Things I wish I learned about databases

I loved Database Design. It’s an elective class in a lot of CS curriculums, but I think it should absolutely be required in today’s data-driven ecosystem. Understanding how to structure data goes way beyond SQL, goes way beyond relational algebra. It’s a skill that falls more under liberal arts and general knowledge than ‘strict engineering’.

I’m not saying that American Studies majors should learn about Boyce-Codd Normal Form, but tools like Django and Rails are putting journalists, designers, and mathematicians in a position to create data structures, who (bless them) often don’t know what they’re doing.

I wish we covered legacy databases

I’m working at a small branch of a national foreign aid tracker.
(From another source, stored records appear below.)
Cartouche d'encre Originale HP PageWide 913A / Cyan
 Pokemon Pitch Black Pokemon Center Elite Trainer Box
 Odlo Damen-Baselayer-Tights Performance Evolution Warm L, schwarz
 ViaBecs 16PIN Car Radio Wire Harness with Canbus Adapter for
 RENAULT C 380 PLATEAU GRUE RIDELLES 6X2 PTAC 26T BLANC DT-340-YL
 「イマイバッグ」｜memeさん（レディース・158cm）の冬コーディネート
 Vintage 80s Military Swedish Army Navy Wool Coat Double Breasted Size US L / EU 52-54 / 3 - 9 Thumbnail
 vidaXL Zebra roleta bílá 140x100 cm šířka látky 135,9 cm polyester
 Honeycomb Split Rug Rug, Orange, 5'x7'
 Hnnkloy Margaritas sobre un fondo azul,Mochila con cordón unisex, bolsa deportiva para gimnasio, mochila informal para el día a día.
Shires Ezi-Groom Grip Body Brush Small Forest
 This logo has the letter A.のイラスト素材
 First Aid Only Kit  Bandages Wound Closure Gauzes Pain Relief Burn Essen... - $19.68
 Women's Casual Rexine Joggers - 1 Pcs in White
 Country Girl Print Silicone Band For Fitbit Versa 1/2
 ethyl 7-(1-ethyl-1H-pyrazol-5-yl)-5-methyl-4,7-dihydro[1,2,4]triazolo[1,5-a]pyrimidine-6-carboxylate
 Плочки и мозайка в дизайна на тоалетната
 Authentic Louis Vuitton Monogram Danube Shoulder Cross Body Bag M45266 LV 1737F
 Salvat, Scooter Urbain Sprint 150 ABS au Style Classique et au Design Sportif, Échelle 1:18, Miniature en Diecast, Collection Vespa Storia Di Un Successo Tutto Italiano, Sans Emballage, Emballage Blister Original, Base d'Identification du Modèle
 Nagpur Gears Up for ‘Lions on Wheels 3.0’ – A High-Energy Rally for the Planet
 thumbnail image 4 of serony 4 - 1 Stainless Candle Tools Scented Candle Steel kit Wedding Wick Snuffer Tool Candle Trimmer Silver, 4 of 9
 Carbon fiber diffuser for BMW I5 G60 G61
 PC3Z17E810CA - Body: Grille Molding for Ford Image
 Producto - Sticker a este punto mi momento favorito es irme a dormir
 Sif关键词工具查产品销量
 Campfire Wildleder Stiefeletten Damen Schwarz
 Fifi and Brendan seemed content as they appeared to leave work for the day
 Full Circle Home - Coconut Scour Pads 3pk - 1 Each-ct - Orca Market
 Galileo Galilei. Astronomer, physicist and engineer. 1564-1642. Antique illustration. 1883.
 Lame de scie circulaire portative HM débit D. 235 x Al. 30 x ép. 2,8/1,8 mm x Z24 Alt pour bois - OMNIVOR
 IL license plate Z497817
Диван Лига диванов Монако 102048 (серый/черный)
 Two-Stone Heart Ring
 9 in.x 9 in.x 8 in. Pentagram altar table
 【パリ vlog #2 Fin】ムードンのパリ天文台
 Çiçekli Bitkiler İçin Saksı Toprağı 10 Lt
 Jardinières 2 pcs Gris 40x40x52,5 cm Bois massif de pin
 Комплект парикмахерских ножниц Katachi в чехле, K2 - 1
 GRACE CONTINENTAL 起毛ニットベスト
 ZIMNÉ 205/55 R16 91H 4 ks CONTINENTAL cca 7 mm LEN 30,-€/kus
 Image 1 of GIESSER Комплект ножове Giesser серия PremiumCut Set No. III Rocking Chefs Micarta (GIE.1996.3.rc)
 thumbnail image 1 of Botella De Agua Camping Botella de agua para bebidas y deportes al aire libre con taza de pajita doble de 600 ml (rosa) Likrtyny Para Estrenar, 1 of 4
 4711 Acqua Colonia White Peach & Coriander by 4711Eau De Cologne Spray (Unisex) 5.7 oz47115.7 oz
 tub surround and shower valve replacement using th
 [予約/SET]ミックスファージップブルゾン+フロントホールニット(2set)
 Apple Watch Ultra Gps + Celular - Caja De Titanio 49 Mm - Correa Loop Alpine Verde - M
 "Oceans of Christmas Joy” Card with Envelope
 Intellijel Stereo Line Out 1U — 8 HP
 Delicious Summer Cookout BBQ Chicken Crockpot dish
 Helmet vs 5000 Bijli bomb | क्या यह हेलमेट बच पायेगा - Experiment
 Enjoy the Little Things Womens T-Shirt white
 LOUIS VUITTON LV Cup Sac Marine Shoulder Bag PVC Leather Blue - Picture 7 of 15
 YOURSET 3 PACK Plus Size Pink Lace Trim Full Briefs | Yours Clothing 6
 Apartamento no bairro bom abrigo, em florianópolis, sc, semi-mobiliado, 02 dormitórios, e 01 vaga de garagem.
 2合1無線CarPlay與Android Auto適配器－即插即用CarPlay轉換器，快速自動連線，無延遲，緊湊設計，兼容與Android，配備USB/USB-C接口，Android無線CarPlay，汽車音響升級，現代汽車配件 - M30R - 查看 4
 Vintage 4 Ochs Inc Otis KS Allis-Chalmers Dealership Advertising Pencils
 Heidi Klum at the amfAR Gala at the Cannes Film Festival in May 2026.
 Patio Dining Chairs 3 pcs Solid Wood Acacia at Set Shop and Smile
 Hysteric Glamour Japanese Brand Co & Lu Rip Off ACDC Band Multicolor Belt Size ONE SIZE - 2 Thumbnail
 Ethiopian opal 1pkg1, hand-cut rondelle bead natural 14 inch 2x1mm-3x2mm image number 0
As a dozen person dev team, we’re in charge of a database that’s comfortably non-trivial; millions of rows, hundreds of tables. It’s outside the scope of one person’s ability to wrangle it or even parse it; the spawn of multiple dev teams, multiple ORMs (Django’s insistence on prefacing tables with an app name has led to, amongst other travesties, survey_trip_survey_response_option_related_response_option), coders and non-coders, people hungry for information.

This thing is the Whomping Willow of databases, and I don’t know the secret switch to calm it down long enough to normalize it. In class, we barely covered the ‘formal process of normalization’, but that was either with dummy databases or a zero-stake scenario: there’s no chance I can spend a week sifting through each entity and create an entirely new database. My work is triage, and I’ve learned to piecemeal my progress by supplementing my short-term progress with long-term efforts to work on the underlying schemas.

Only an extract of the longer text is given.